My own House in Chicago, back when I had one, was trouble, too, so I suppose I should qualify that statement by saying
all
vampire Houses are trouble. All of them.
But some Houses are more stable than others, and some are better run than others. The Barringtons aren’t just numerous, they’re psychotic—or at least their judge and her immediate family members are. They’re beyond capricious and well past understated. They’re the kind of vampires who dress like goths every chance they get, and probably have entire DVD collections dedicated to old movies about the undead.
They are very,
very
excited to be vampires. I would say “comically
so” if it weren’t so fucking frightening. It absolutely says something about the House that it’s so violent—and it creates such a preposterously high body count—but the mortal authorities are prepared to look the other way.

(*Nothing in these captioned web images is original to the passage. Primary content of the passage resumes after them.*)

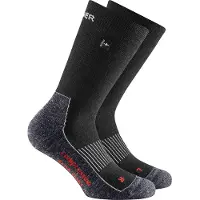 Rohner - Compression Trek Light L/R - Calcetines de trekking size 44-46, negro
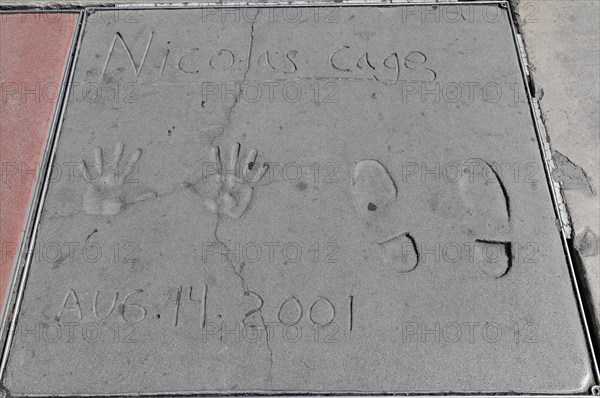 Handprints and footprints of NICOLAS CAGE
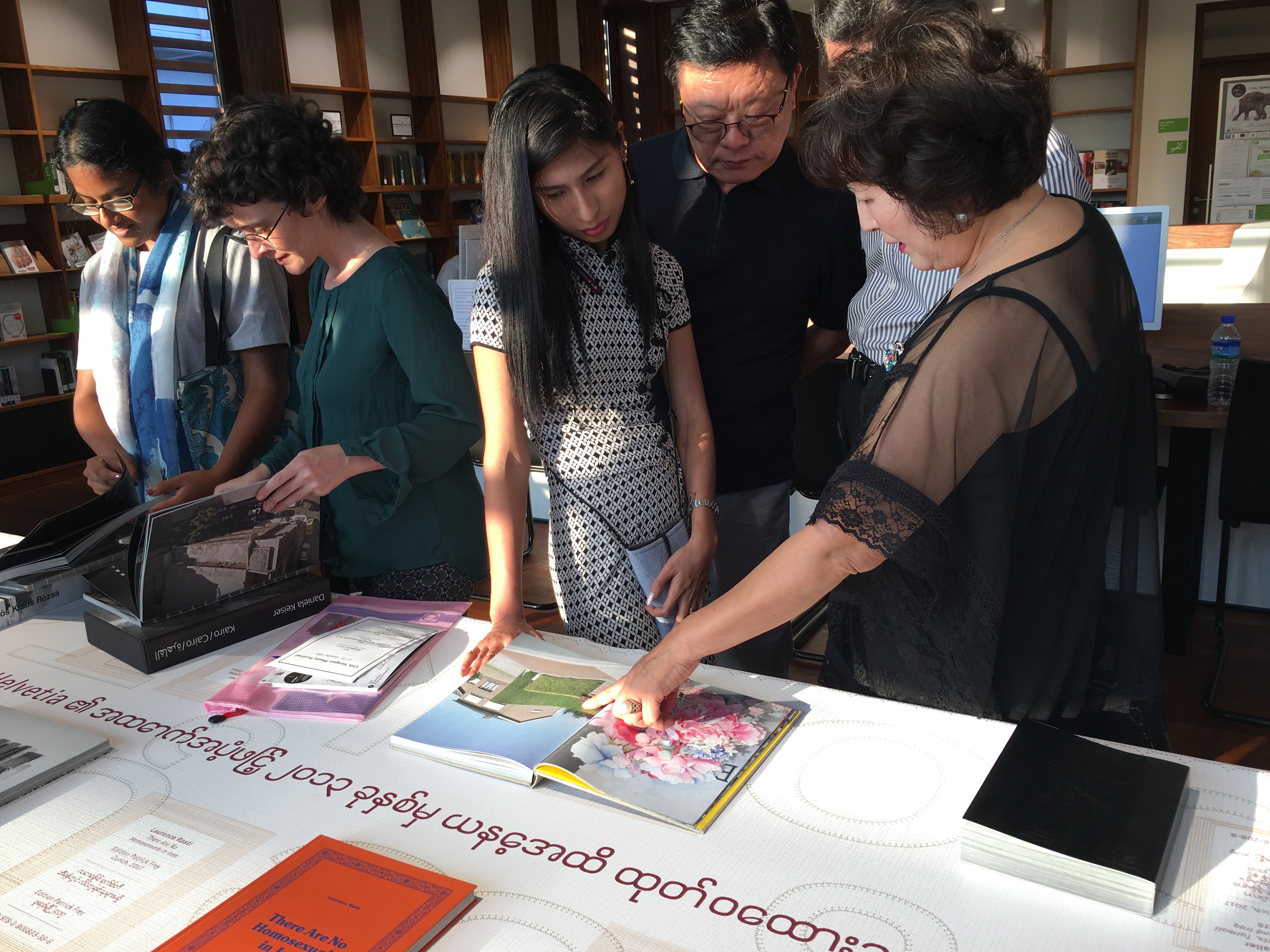 Installation View, Swiss Photobooks Today at Yangon Photo Festival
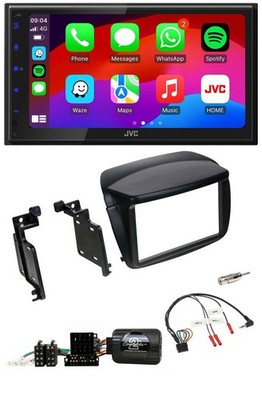 JVC Bluetooth USB Lenkrad 2DIN DAB Autoradio für Fiat Doblo ab 2010 Opel Combo a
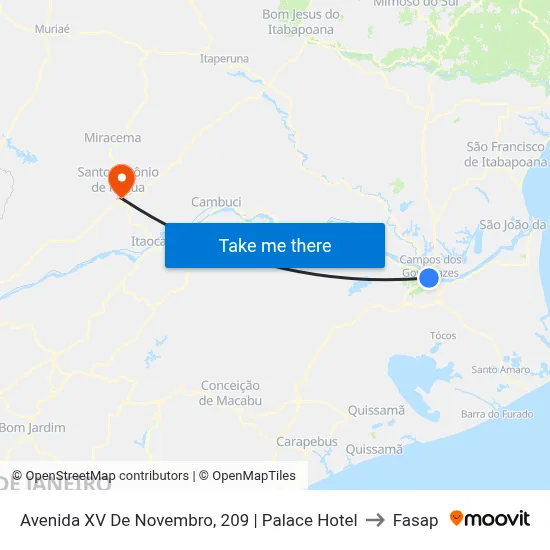 Avenida XV De Novembro, 209 | Palace Hotel to Fasap map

Obviously they know about it. They
have
to know about it.
But worst of all, the authorities probably aren’t even in the Barrington family’s pockets. They’re probably too scared to do anything about them, or maybe they just buy in to that old line the Mafia dons used to throw around—“We only kill each other.” But it was bullshit when the mob said it, and it’s bullshit when vampire Houses say it.
For the Atlanta House to be so unapologetically badass that it’s been operating this way for nearly a century … you
know
that means they’ve got power.
Why?
See, here’s the dark, terrible secret that every vampire secretly knows, but refuses to admit out loud: Houses can be huge and intimidating, and immensely dangerous to vampires and those who cross them, unwittingly or otherwise. But generally speaking, they can be brought down by ordinary mortals with very little effort and pressure.